A Compressed Sensing-Based Wearable Sensor Network for Quantitative Assessment of Stroke Patients

1
Jiangsu Key Laboratory of Medical Optics, Suzhou Institute of Biomedical Engineering and Technology, Chinese Academy of Sciences, No. 88, Keling Road, Suzhou, Jiangsu 215163, China
2
University of Chinese Academy of Sciences, Beijing 100049, China
*
Author to whom correspondence should be addressed.
Academic Editor: Leonhard M. Reindl
Received: 12 December 2015 / Revised: 23 January 2016 / Accepted: 3 February 2016 / Published: 5 February 2016
View Full-Text   |   Download PDF [3492 KB, uploaded 5 February 2016]   |  

Abstract

Clinical rehabilitation assessment is an important part of the therapy process because it is the premise for prescribing suitable rehabilitation interventions. However, the commonly used assessment scales have the following two drawbacks: (1) they are susceptible to subjective factors; (2) they only have several rating levels and are influenced by a ceiling effect, making it impossible to exactly detect any further improvement in the movement. Meanwhile, energy constraints are a primary design consideration in wearable sensor network systems since they are often battery-operated. Traditionally, for wearable sensor network systems that follow the Shannon/Nyquist sampling theorem, there are many data that need to be sampled and transmitted. This paper proposes a novel wearable sensor network system to monitor and quantitatively assess the upper limb motion function, based on compressed sensing technology. With the sparse representation model, less data is transmitted to the computer than with traditional systems. The experimental results show that the accelerometer signals of Bobath handshake and shoulder touch exercises can be compressed, and the length of the compressed signal is less than 1/3 of the raw signal length.

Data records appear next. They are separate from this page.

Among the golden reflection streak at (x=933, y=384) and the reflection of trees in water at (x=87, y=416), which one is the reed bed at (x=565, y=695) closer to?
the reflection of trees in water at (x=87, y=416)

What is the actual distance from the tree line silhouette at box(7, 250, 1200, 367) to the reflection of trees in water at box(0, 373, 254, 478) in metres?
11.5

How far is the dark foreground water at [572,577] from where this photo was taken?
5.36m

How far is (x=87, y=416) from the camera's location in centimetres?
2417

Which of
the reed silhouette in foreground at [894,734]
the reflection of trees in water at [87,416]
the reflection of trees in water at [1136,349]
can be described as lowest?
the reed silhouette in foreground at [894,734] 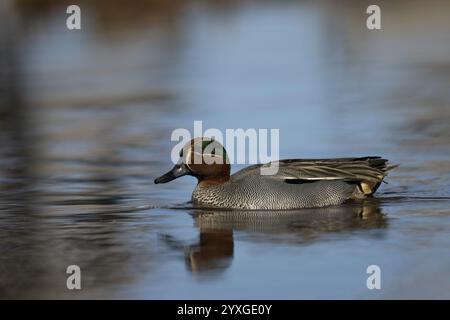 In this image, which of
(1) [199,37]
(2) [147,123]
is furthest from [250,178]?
(1) [199,37]

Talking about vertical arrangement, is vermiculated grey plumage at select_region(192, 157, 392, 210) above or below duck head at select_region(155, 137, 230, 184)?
below

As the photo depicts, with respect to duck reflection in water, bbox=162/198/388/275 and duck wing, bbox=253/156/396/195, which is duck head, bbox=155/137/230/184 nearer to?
duck wing, bbox=253/156/396/195

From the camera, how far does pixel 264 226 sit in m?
9.91

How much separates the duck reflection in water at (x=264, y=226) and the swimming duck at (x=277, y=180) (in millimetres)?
97

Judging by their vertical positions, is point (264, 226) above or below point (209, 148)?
below

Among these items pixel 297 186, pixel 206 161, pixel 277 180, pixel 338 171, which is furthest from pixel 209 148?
pixel 338 171

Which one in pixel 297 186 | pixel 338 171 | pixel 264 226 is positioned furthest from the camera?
pixel 338 171

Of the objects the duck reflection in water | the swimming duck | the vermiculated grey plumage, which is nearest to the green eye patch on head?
the swimming duck

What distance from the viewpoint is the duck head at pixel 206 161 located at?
10820 mm

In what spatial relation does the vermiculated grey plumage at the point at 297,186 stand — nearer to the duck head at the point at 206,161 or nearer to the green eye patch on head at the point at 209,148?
the duck head at the point at 206,161

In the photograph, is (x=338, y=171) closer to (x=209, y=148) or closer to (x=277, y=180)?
(x=277, y=180)

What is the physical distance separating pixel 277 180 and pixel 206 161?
615mm

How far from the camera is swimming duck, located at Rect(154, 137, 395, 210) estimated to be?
34.7ft

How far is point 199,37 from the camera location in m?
22.1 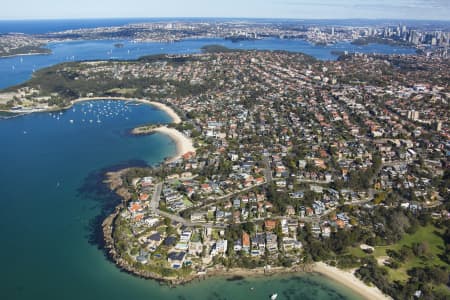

More importantly, the reconstruction errors have no influence on the predictive accuracy of the Brunnstrom stage classification model. It also indicated that the proposed system can not only reduce the amount of data during the sampling and transmission processes, but also, the reconstructed accelerometer signals can be used for quantitative assessment without any loss of useful information. View Full-Text
Keywords: compressed sensing; wearable sensor network; quantitative assessment; stroke; Brunnstrom stage classification compressed sensing; wearable sensor network; quantitative assessment; stroke; Brunnstrom stage classification
This is an open access article distributed under the Creative Commons Attribution License which permits unrestricted use, distribution, and reproduction in any medium, provided the original work is properly cited. (CC BY 4.0).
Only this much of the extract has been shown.